§ ACTIVITY
The reply is a verbatim copy of the listing below with its images dropped.

GIVEN INFORMATION section start

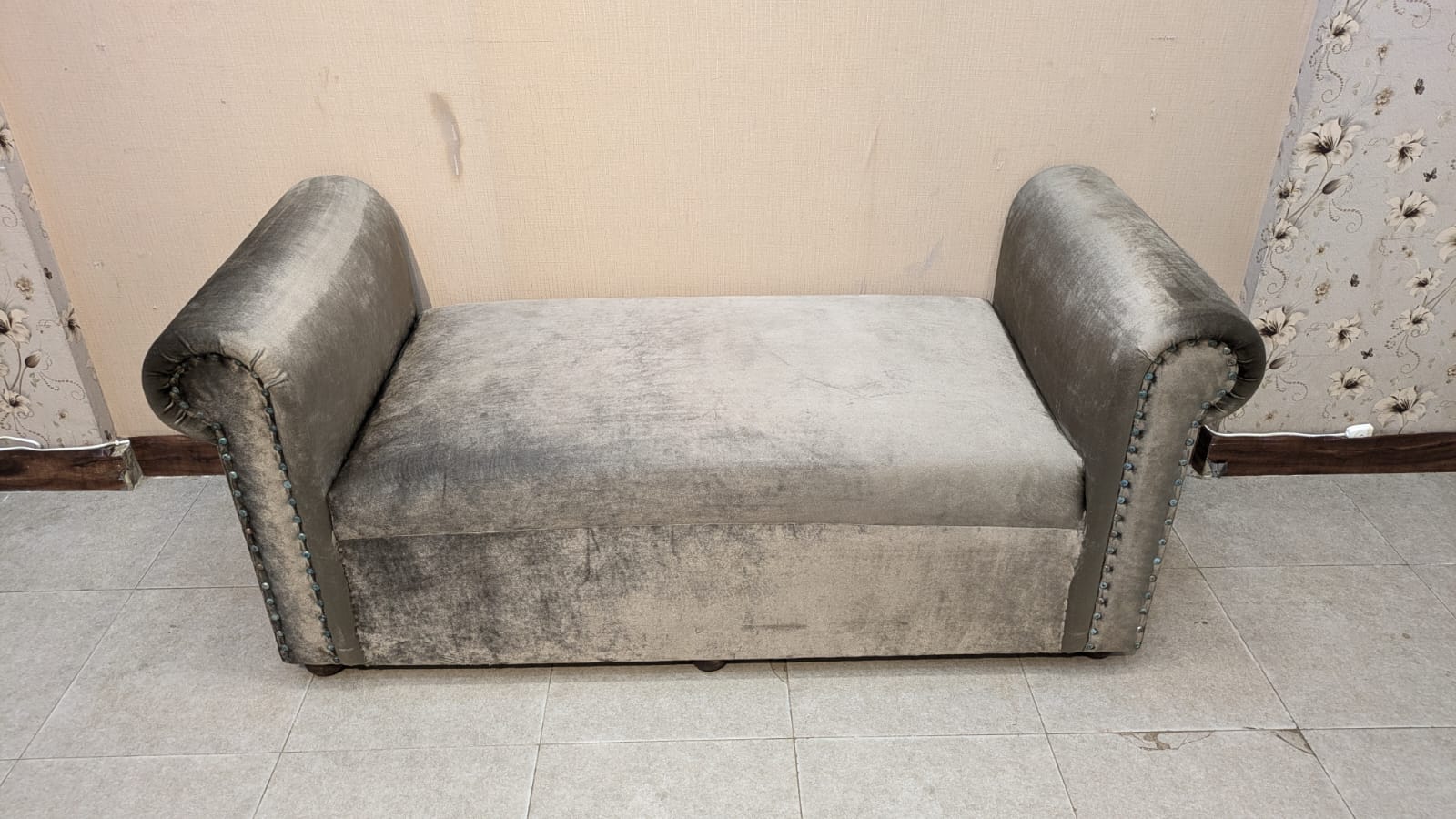 2 Seater Seattee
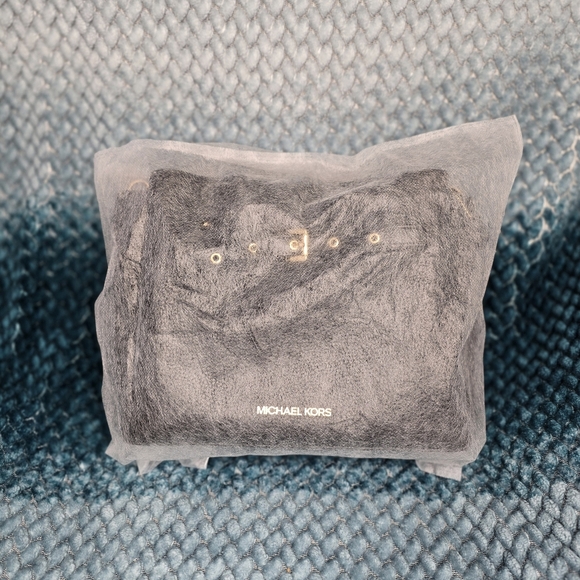 Michael Kors Emilia Small Satchel - Picture 13 of 13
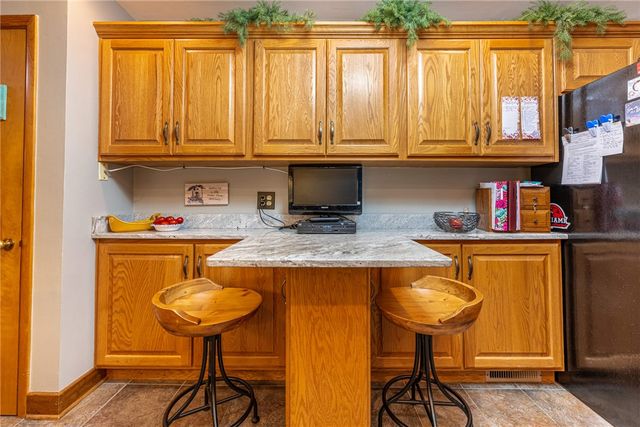 829 Lovetta Drive, Kettering, OH 45429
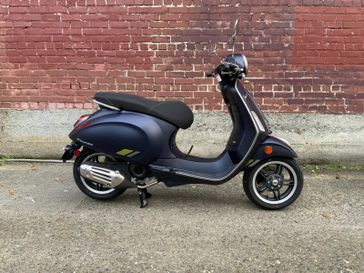 2025 Vespa PRIMAVERA 50 TECH  in a BLU ENERGICO MATT exterior color. Northwest Moto 206-783-2323 northwestmoto.com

GIVEN INFORMATION section end

§ ANSWER TO THIS EXERCISE
 2 Seater Seattee
 Michael Kors Emilia Small Satchel - Picture 13 of 13
 829 Lovetta Drive, Kettering, OH 45429
 2025 Vespa PRIMAVERA 50 TECH  in a BLU ENERGICO MATT exterior color. Northwest Moto 206-783-2323 northwestmoto.com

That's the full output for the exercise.